Shukla also told the Mahwah police that Dow shouted obscenities and called him a “dirty Indian.”

“My six-year-old daughter crouched in the back of the car, screaming as I was attacked and is totally traumatized by the incident,” Shukla told the police.

His daughter verified what happened to her father asking police again and again, “Why?  Why did he hit my papa?”

Camera footage from a nearby Shoprite corroborated Shukla’s version of events that unfolded on that evening. Footage showed an unidentified man approaching the driver’s side of Shukla’s car.

“The hatred that was directed at me is something that I will never understand. I am just concerned for my family’s well-being and safety at this point, especially given the fact that the assailant lives just down the street from the temple and my residence,” Shukla said in a statement to the media.

In an interview with WNYC, Shukla, 43, said he regularly took walks in the area of the temple, for health reasons, and often in Indian clothing. These walks usually took him past Dow’s home.

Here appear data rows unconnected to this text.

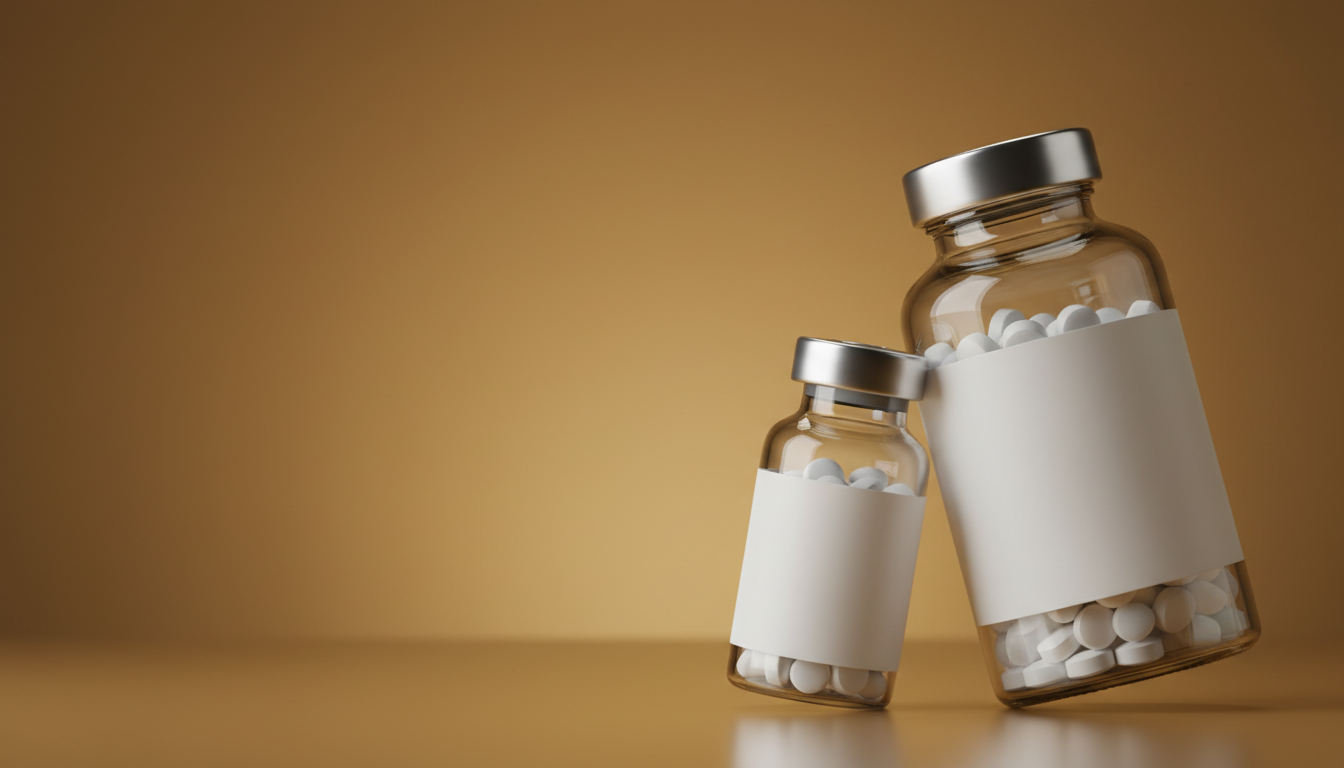 Medical Weight Loss with Vigor Vault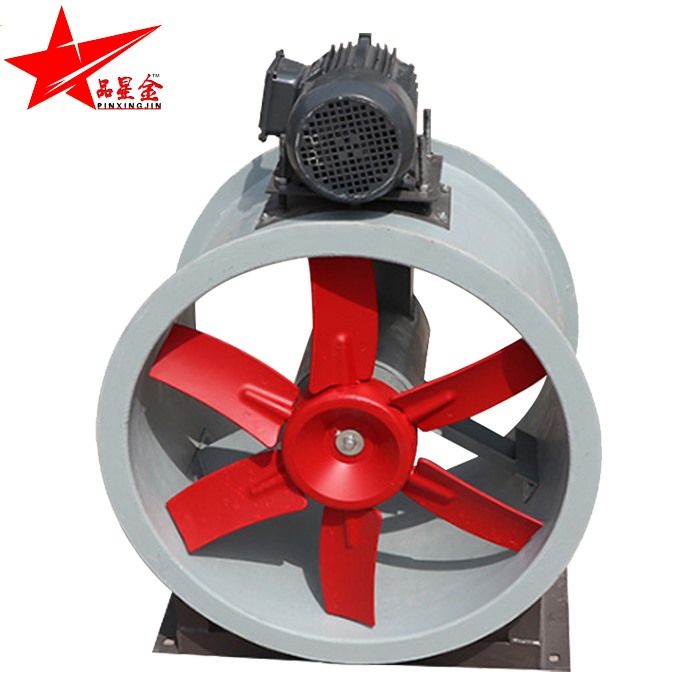 GD30K2-12型玻璃鋼軸流91免费版黄下载-副本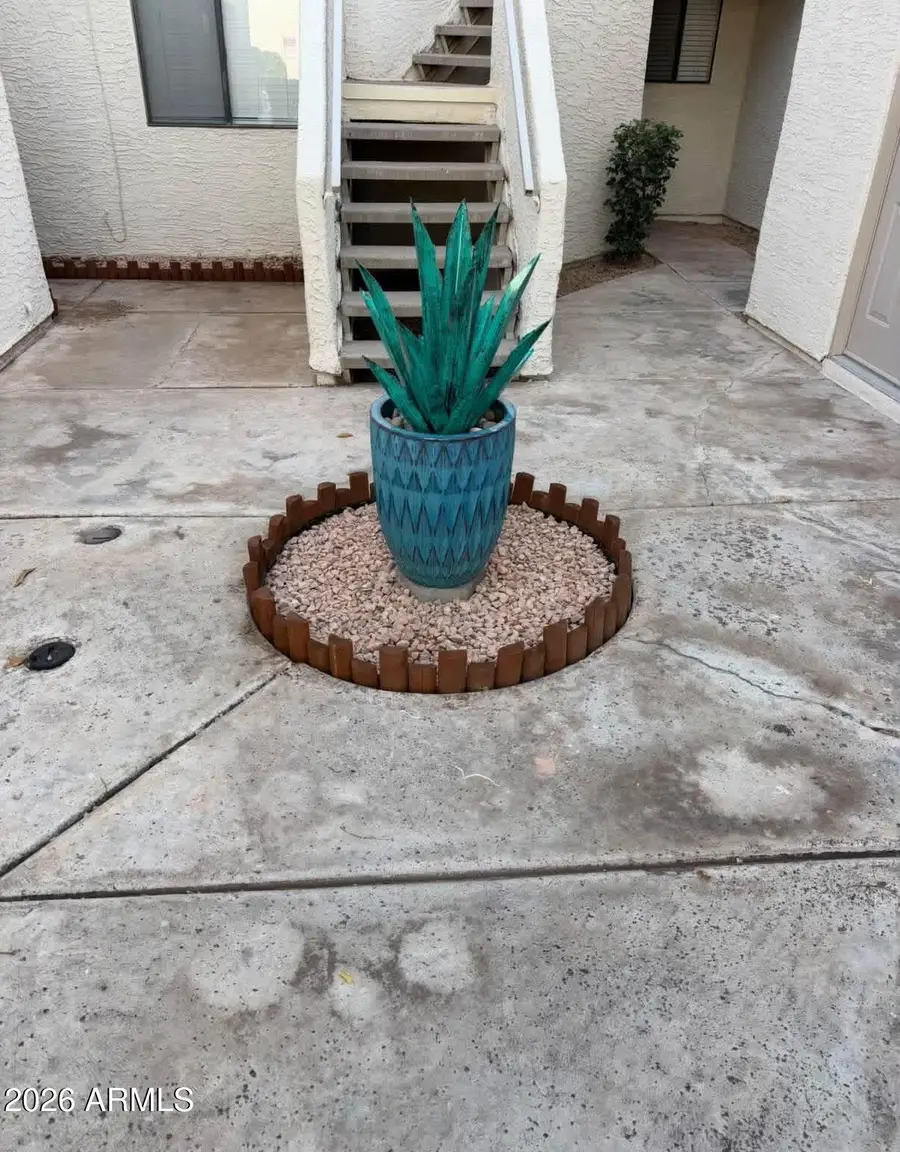 835 N Granite Reef Road #45, Scottsdale, AZ 85257 - #2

He worried that Dow had witnessed him during these walks and developed animosity toward him. Since the assault Shukla said he has stopped going on walks.

“When I’m talking with you, my heart is shaking. I’m not really in good strength right now,” Shukla added.

“Ten years we’re living here and we’re not bothering anyone, and this happened,” said Shukla, who does not take his daughter to the nearby playground anymore. “I don’t understand why they do this.”

The fear and apprehension in the Indian community after the apparently hateful attack soon turned into outrage, though, after police charged Dow with only simple assault and burglary, and the Bergen County Prosecutor’s Office viewed the attack as a ‘road rage’ incident. They were prepared to offer Dow a plea deal, resulting in two years’ probation, without any further time behind bars.

Community members had in the meantime also found evidence on social media that Dow was likely a White Supremacist.

Nicholas Dow. Photo courtesy of Bergen County, New Jersey Sheriff’s Department.

A resident of nearby Upper Saddle River found two images of Confederate flags on Dow’s Facebook page, and on one of them the caption read: “Doesn’t stand for hate it’s about pride.” Those images have since been removed. Dow has changed the name on his Facebook account.

“The prosecutor and police need to be on this guy,” said the woman speaking to WNYC, “because God forbid something happens.”

Dr. Dinesh Khosla, Founder Trustee of Hindu Samaj Temple, Mahwah, and Founding Professor of Law, CUNY School of Law, in a phone interview to News India Times, said the community initiated a petition, calling for “a criminal trial with maximum punishment” in Shukla’s case.

The petition, with the headline, ‘No plea deal for Pt. Shukla’s attacker, we demand a criminal trial with maximum punishment’, with a goal of 5,000 signatures, had already crossed 3,500, morning of April 30, and counting.

Khosla tried hard to get justice for Shukla with local authorities. He requested to meet with Bergen County Public Prosecutor Michael Paccioretti, and when he that didn’t happen, sent an email asking him to withdraw the plea deal offered to Dow, and initiate criminal proceedings.

Khosla also pointed out that Shukla had a tough time getting hold of the police report filed in the case by the Mahwah police. He was given a runaround, told that the report couldn’t be found, had been misfiled; the incident was one of ‘road rage’.

Khosla and some other community members later reached out to state Attorney General Gurbir Grewal’s office, for action.

Grewal was quick to respond to the plea, noting the sensitivity of the case.

“Earlier this month, my office released bias incident investigation standards that reaffirm our commitment to these important cases,” Grewal said in a statement, earlier this week. “I have every confidence that the Bergen County Prosecutor’s Office will conduct a thorough investigation.”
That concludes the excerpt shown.